Short descriptive text snippets:
::::::::
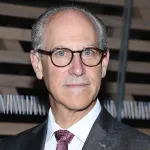 A white man in glasses smiling.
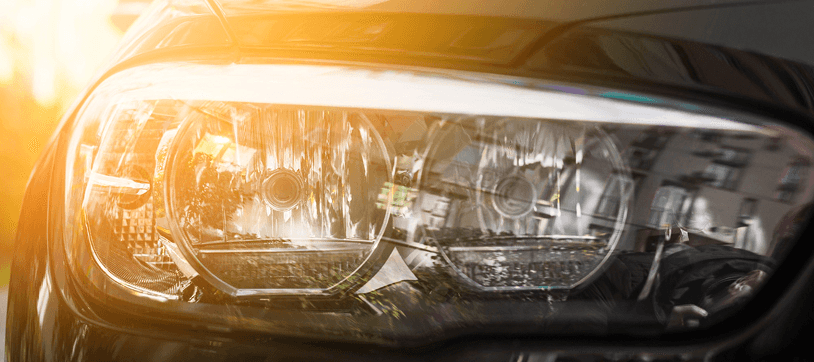 Close-up of a restored car headlight with clear lens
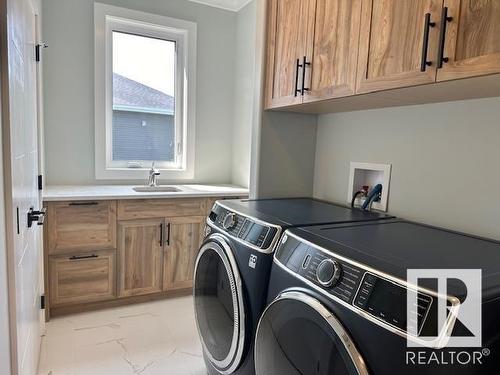 6 Hayfield Grove, Ardrossan, AB - Indoor Photo Showing Laundry Room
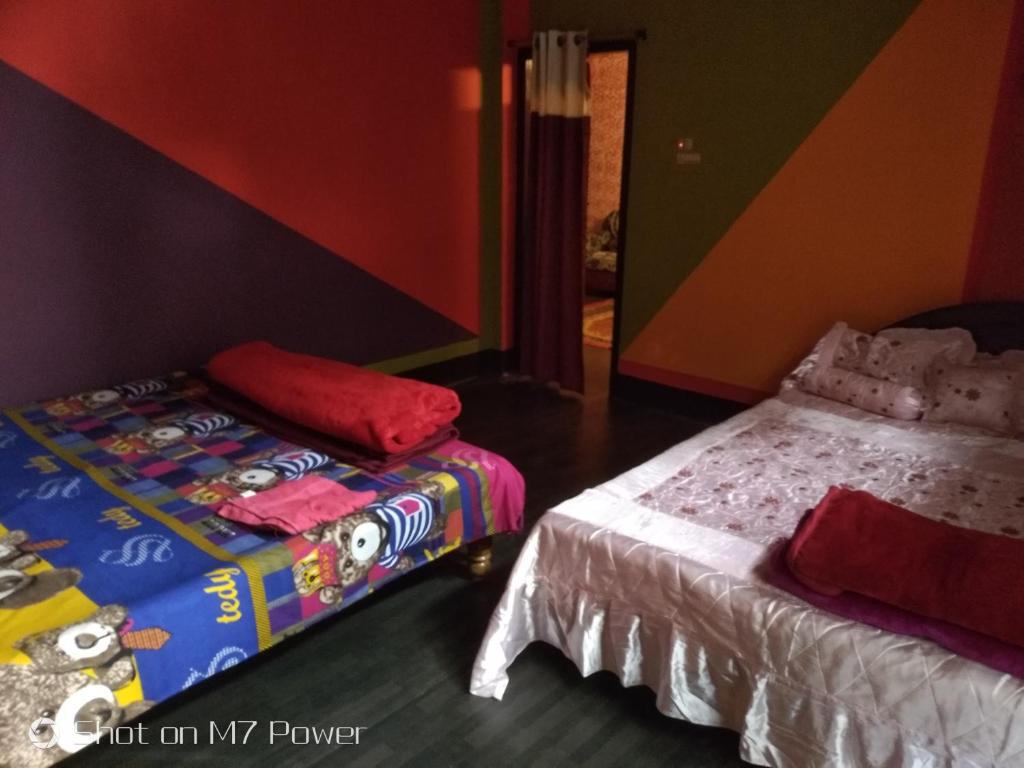 Voodi või voodid majutusasutuse Dekapara Airport Guest House toas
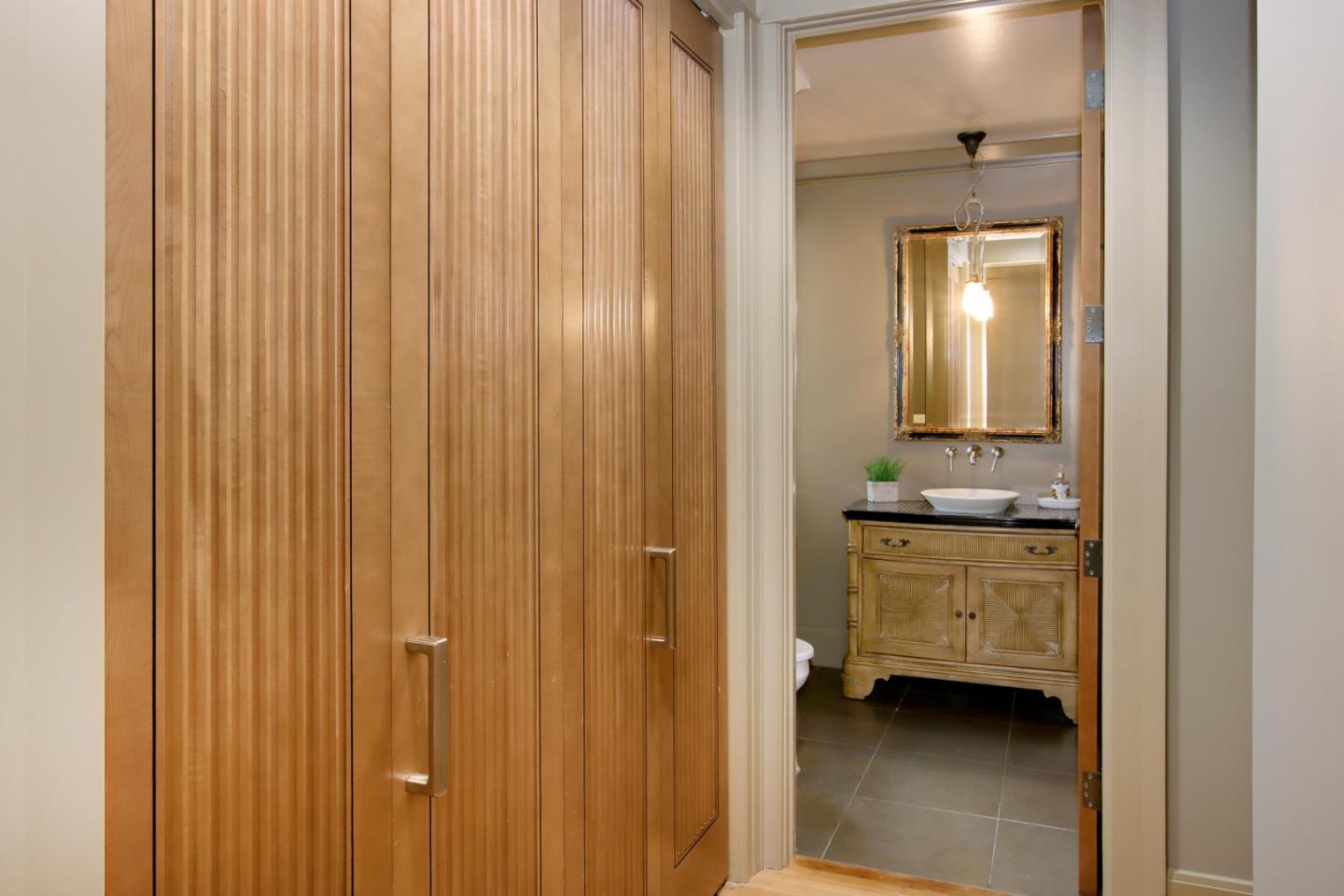 120 Edenvale Road Watsonville, CA 95076 - Photo 60 of 68 a view of a bathroom with a sink and a mirror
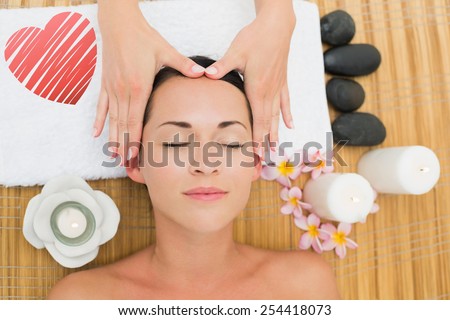 Smiling brunette enjoying a head massage against red heart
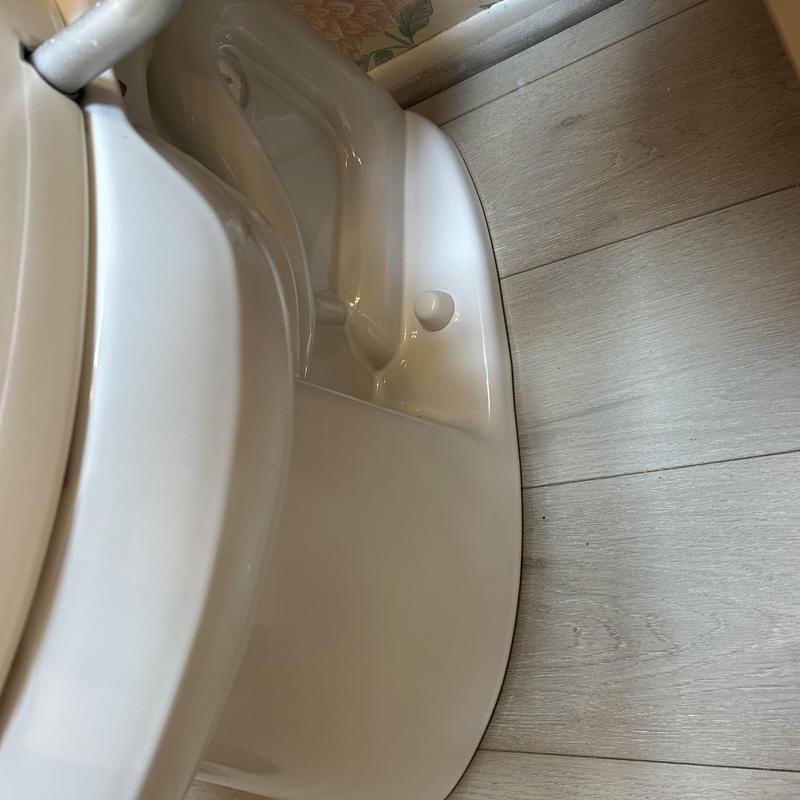 Floor mount toilet installation in residential bathroom Floor mount toilet installation in residential bathroom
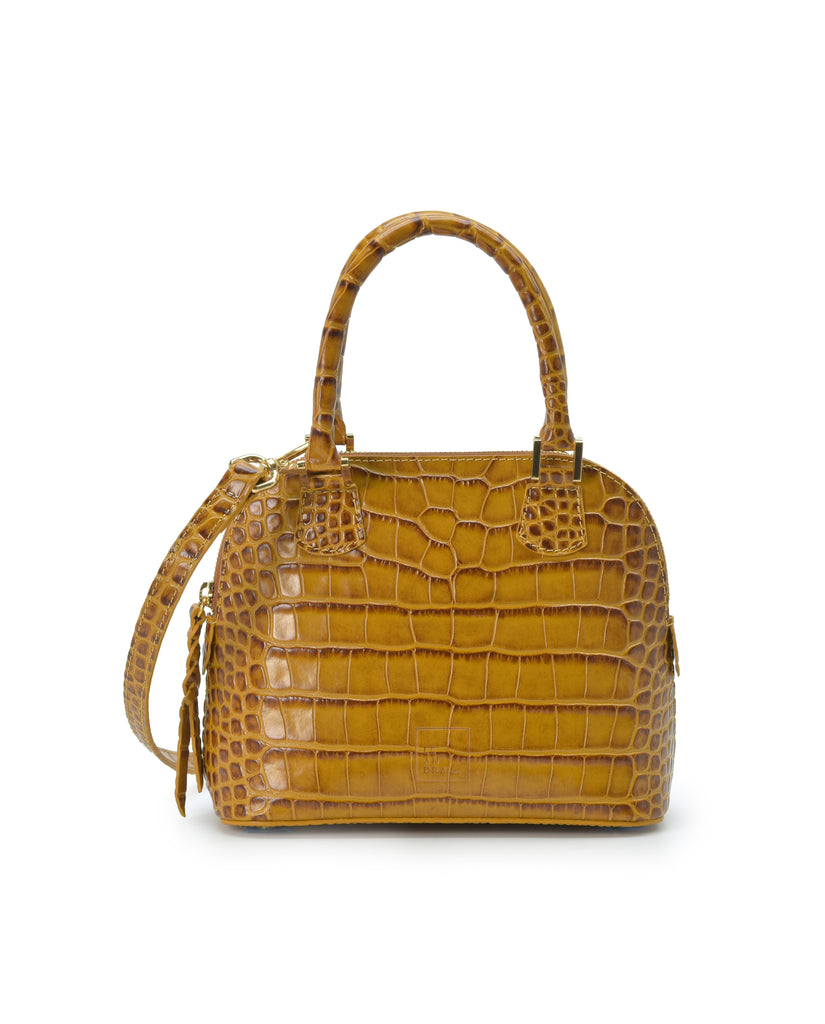 Imagen frontal con doble asa de bolso de mano mini de piel grabada en coco color camel Leandra. Made in Spain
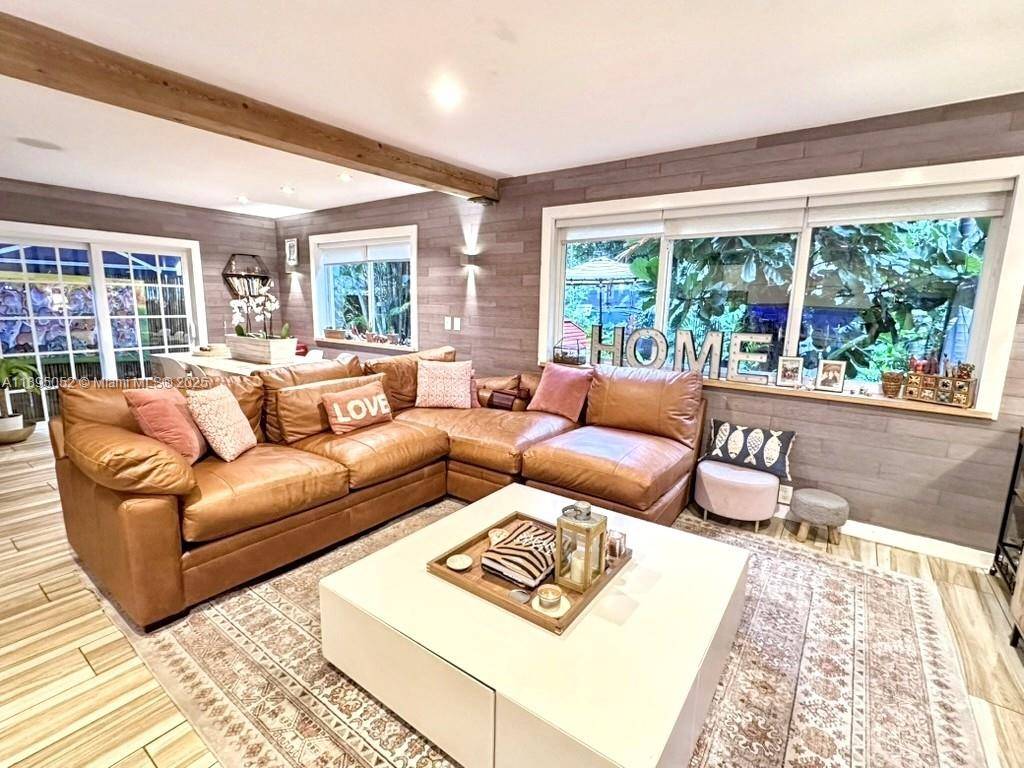 Discover a one of a kind beachside retreat with a private patio and fenced in garden, featuring a 2 bedroom, 2 bathroom layout with an open layout kitchen that seamlessly ...
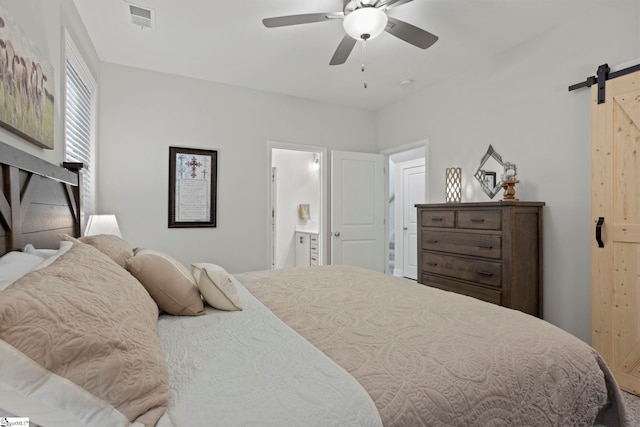 bedroom featuring a barn door, ceiling fan, and ensuite bath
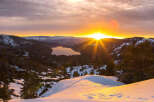 Spectacular sunrise over a snow-capped mountain range and serene lake.
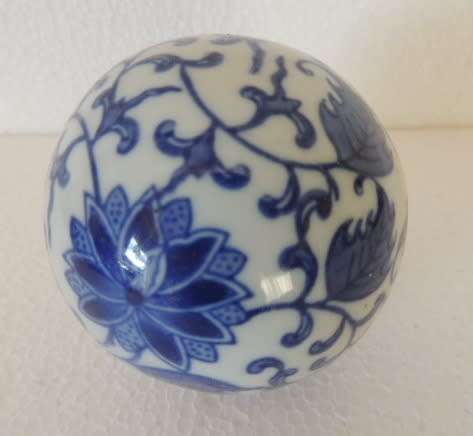 BLUE AND WHITE DECOR BALLS IN A BOWL
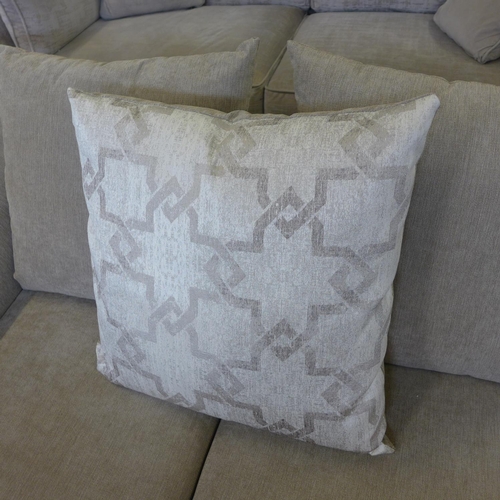 1586 - A small light grey two seater sofa with patterned scatter cushion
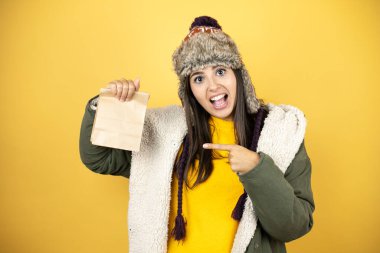 Sarı arka plan üzerinde yeşil kışlık ceket ve şapka giyen genç bir kadın. Şapka takan güzel bir kadın. Sarı arka plan üzerinde yeşil bir kışlık ceket.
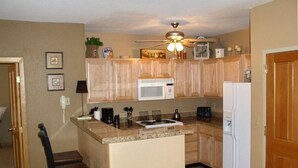 A compact kitchen with wooden cabinets, a microwave, a refrigerator, and a ceiling fan. - Roomy 2BR/2BA in Keystone (Keystone)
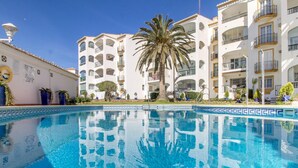 Une piscine à l’eau d’un bleu cristallin, entourée de bâtiments blancs dotés de balcons et de palmiers.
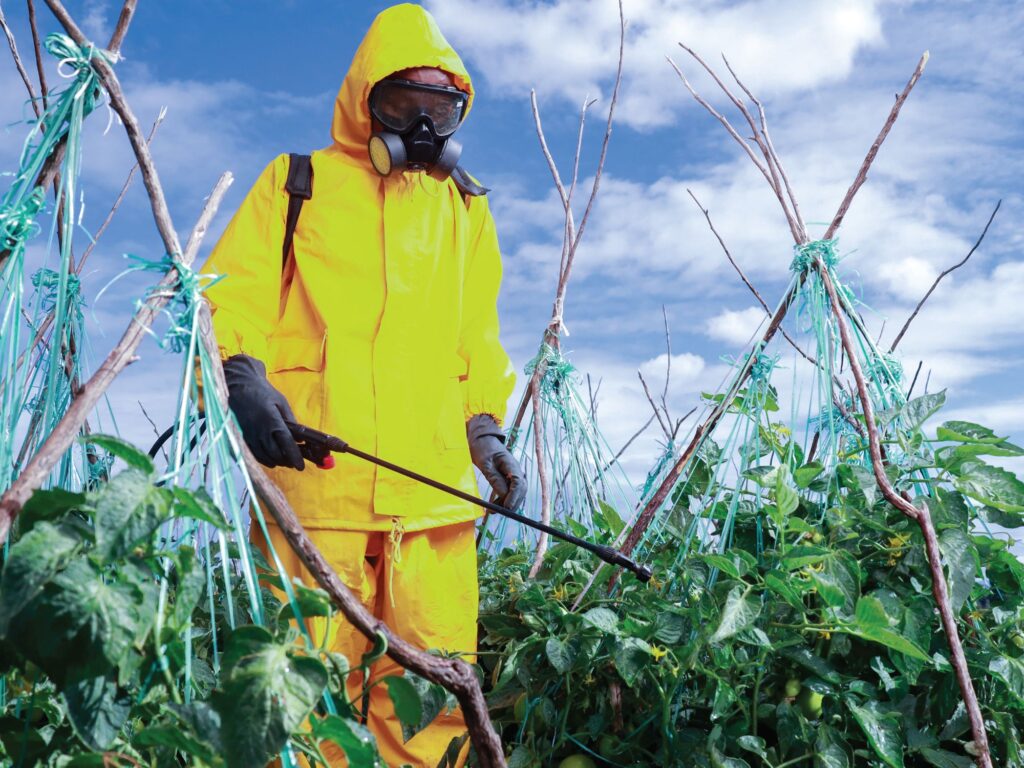 A spray service provider wearing protective clothing, gloves, goggles and a respirator while preparing pesticide spraying equipment in Kenya.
::::::::
[Your assignment] Skip the pictures and give the entries above again word for word.

[Answer to the exercise]
 A white man in glasses smiling.
 Close-up of a restored car headlight with clear lens
 6 Hayfield Grove, Ardrossan, AB - Indoor Photo Showing Laundry Room
 Voodi või voodid majutusasutuse Dekapara Airport Guest House toas
 120 Edenvale Road Watsonville, CA 95076 - Photo 60 of 68 a view of a bathroom with a sink and a mirror
 Smiling brunette enjoying a head massage against red heart
 Floor mount toilet installation in residential bathroom Floor mount toilet installation in residential bathroom
 Imagen frontal con doble asa de bolso de mano mini de piel grabada en coco color camel Leandra. Made in Spain
 Discover a one of a kind beachside retreat with a private patio and fenced in garden, featuring a 2 bedroom, 2 bathroom layout with an open layout kitchen that seamlessly ...
 bedroom featuring a barn door, ceiling fan, and ensuite bath
 Spectacular sunrise over a snow-capped mountain range and serene lake.
 BLUE AND WHITE DECOR BALLS IN A BOWL
 1586 - A small light grey two seater sofa with patterned scatter cushion
 Sarı arka plan üzerinde yeşil kışlık ceket ve şapka giyen genç bir kadın. Şapka takan güzel bir kadın. Sarı arka plan üzerinde yeşil bir kışlık ceket.
 A compact kitchen with wooden cabinets, a microwave, a refrigerator, and a ceiling fan. - Roomy 2BR/2BA in Keystone (Keystone)
 Une piscine à l’eau d’un bleu cristallin, entourée de bâtiments blancs dotés de balcons et de palmiers.
 A spray service provider wearing protective clothing, gloves, goggles and a respirator while preparing pesticide spraying equipment in Kenya.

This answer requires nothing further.